### EXERCISE DIRECTIONS
Once you reach the line containing "Proenza Schouler White" in the entries below, write out that line and each one after it down to the line containing "Vibrant abstract painting", exactly and with nothing added.

### RECORDS FOR THIS EXERCISE
· · ·
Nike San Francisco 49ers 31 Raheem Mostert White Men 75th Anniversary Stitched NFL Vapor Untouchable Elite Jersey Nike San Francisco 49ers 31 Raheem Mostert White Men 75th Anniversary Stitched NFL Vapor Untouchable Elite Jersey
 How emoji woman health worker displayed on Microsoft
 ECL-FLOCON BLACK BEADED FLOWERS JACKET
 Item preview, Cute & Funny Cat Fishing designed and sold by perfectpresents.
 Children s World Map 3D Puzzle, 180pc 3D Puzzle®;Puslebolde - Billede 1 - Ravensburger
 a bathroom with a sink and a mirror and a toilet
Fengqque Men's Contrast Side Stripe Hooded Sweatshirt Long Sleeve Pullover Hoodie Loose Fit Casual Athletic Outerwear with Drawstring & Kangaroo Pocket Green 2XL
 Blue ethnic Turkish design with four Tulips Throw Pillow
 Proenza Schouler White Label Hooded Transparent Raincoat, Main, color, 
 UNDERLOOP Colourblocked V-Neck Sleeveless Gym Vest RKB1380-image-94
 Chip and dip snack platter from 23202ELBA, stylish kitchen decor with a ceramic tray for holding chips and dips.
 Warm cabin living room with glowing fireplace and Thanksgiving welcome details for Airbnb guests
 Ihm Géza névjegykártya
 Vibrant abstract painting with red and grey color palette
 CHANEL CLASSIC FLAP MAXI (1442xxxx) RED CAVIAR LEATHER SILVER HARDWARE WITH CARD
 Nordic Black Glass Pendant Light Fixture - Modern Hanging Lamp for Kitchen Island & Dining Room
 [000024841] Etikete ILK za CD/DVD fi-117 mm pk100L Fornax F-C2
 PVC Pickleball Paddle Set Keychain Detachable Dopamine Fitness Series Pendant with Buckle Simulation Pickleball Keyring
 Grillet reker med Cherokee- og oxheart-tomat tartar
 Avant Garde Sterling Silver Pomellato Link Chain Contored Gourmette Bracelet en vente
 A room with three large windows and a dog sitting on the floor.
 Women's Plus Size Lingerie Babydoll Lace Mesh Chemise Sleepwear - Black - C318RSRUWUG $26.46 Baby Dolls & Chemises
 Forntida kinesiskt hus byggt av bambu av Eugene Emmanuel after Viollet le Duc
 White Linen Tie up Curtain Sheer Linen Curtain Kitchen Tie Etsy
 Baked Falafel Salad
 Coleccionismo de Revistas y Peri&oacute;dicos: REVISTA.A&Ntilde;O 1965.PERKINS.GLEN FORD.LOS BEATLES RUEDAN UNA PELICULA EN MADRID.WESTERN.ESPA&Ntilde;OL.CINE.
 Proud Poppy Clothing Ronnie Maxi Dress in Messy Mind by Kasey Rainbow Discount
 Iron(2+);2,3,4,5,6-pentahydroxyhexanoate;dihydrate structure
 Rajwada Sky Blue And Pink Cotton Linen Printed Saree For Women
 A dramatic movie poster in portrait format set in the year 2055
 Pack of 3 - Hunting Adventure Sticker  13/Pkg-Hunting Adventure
· · ·
### OUTPUT FOR THIS EXERCISE
 Proenza Schouler White Label Hooded Transparent Raincoat, Main, color, 
 UNDERLOOP Colourblocked V-Neck Sleeveless Gym Vest RKB1380-image-94
 Chip and dip snack platter from 23202ELBA, stylish kitchen decor with a ceramic tray for holding chips and dips.
 Warm cabin living room with glowing fireplace and Thanksgiving welcome details for Airbnb guests
 Ihm Géza névjegykártya
 Vibrant abstract painting with red and grey color palette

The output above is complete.